▶ **INFORMATION SHOWN**
- Opening Delimiter -

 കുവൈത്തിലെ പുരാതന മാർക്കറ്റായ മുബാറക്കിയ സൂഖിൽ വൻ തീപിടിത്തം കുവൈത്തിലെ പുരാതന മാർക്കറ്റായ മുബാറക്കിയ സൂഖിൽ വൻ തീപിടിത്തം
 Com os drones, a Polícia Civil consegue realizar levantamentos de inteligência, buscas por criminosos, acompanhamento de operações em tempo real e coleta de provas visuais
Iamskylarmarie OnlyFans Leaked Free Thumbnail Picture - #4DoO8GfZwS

- Closing Delimiter -
- Opening Delimiter -

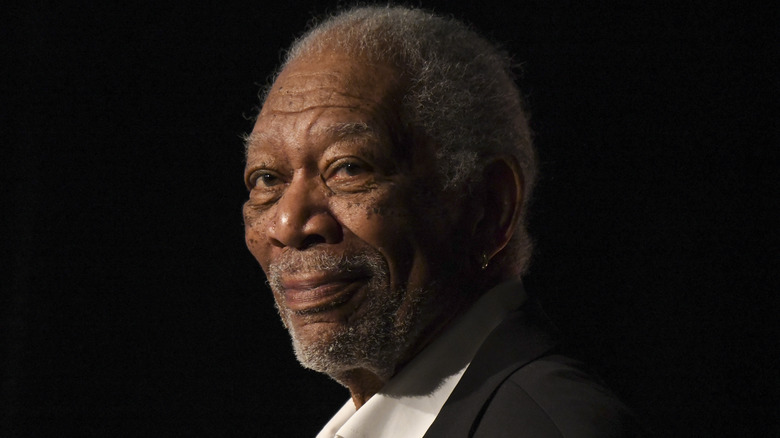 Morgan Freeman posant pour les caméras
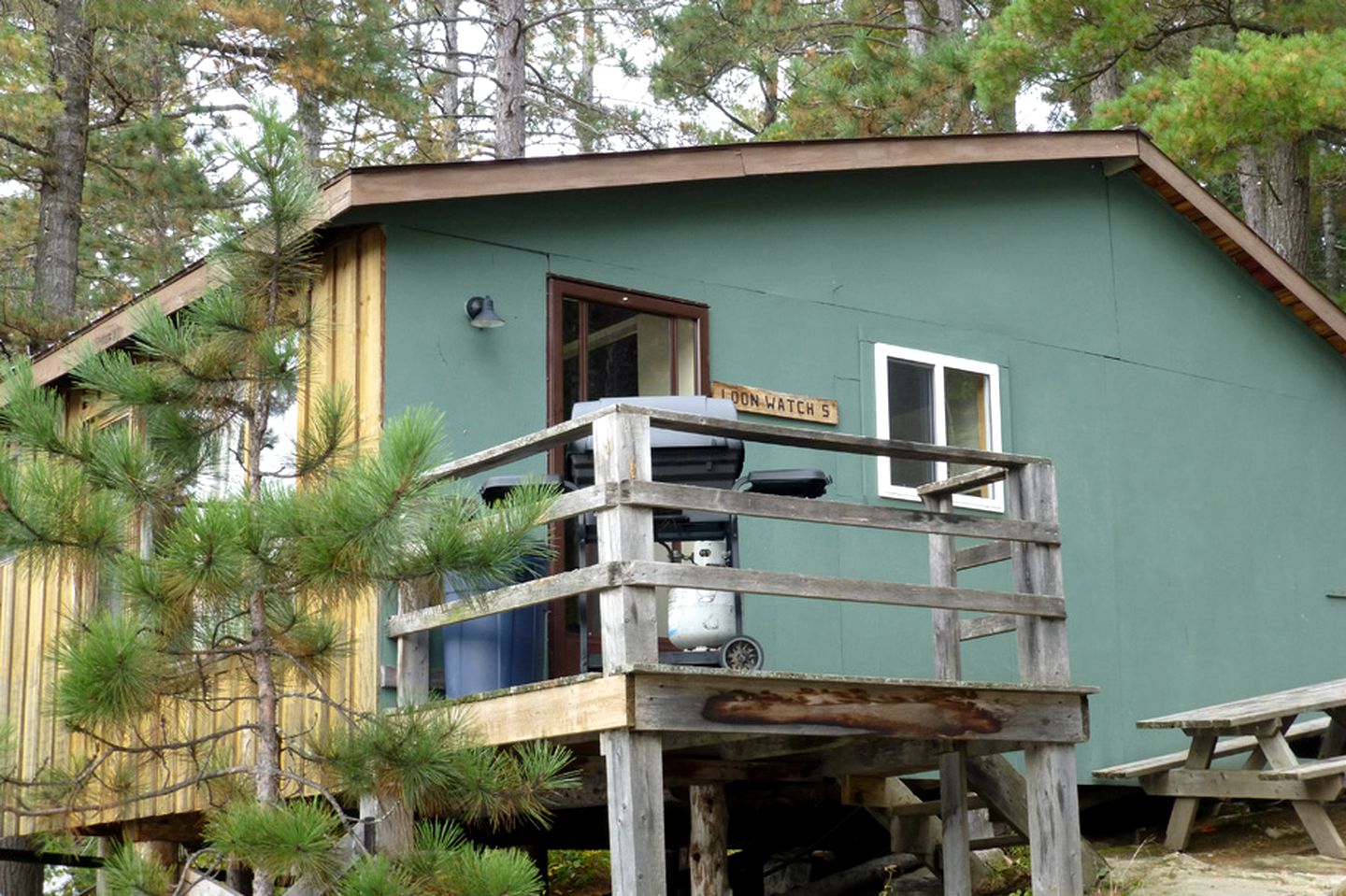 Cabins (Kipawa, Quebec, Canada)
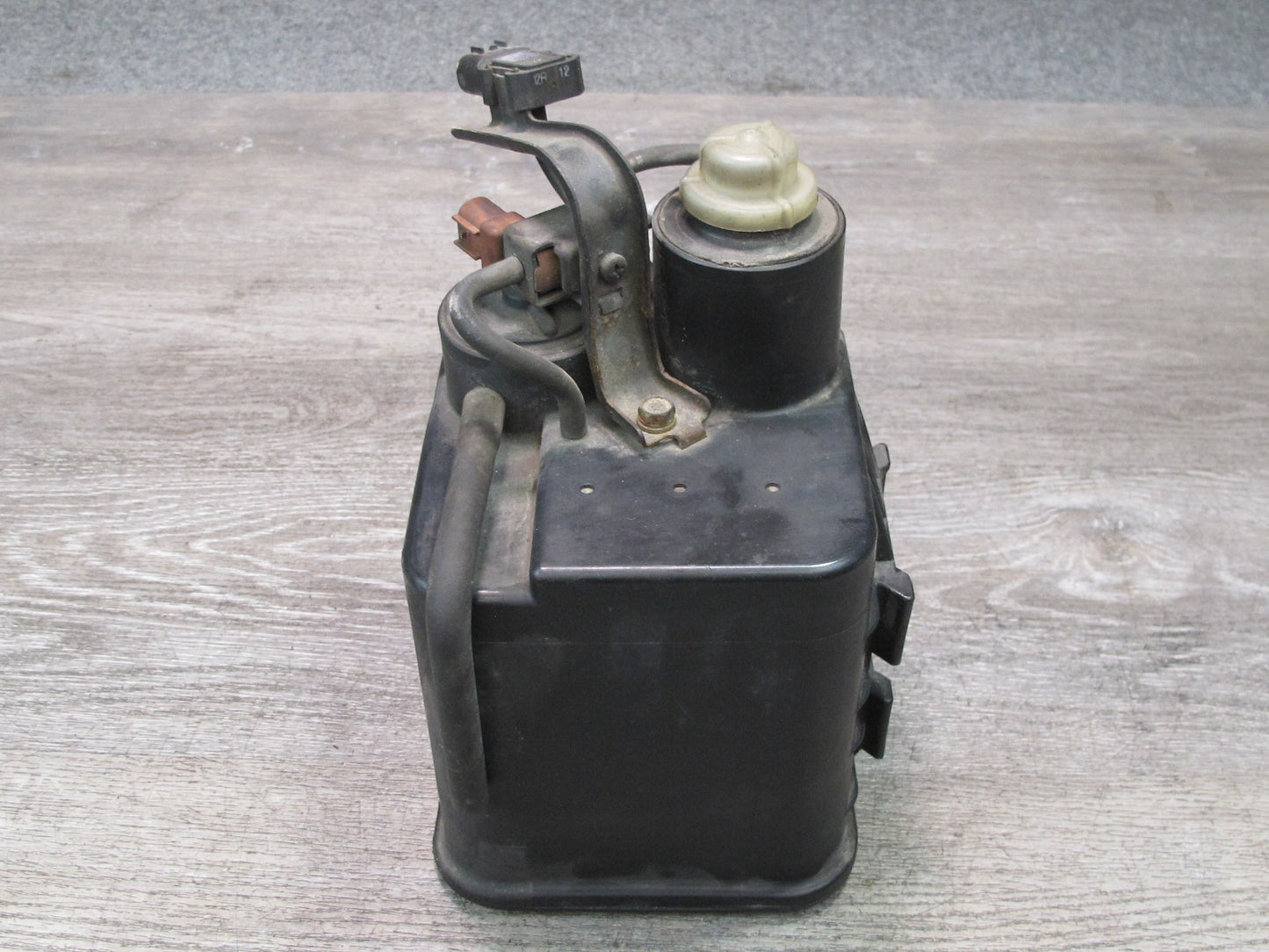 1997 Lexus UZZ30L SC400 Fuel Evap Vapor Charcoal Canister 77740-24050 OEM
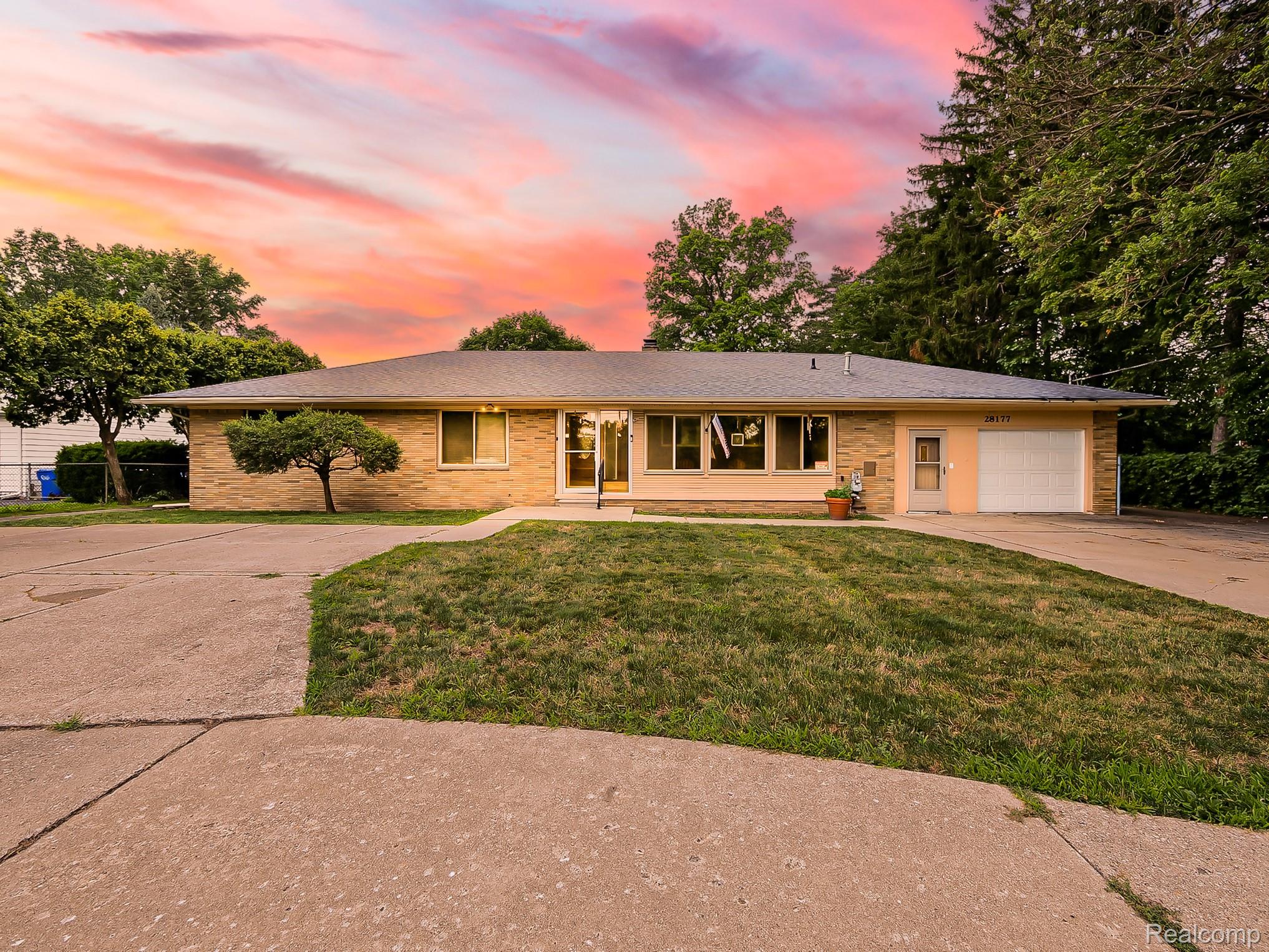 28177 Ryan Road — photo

- Closing Delimiter -

Copy the lines above exactly. Start with the line containing "വൻ തീപിടിത്തം കുവൈത്തിലെ", end with the line containing "Iamskylarmarie OnlyFans Leaked", and include both.

▶ **WORKED SOLUTION**
 കുവൈത്തിലെ പുരാതന മാർക്കറ്റായ മുബാറക്കിയ സൂഖിൽ വൻ തീപിടിത്തം കുവൈത്തിലെ പുരാതന മാർക്കറ്റായ മുബാറക്കിയ സൂഖിൽ വൻ തീപിടിത്തം
 Com os drones, a Polícia Civil consegue realizar levantamentos de inteligência, buscas por criminosos, acompanhamento de operações em tempo real e coleta de provas visuais
Iamskylarmarie OnlyFans Leaked Free Thumbnail Picture - #4DoO8GfZwS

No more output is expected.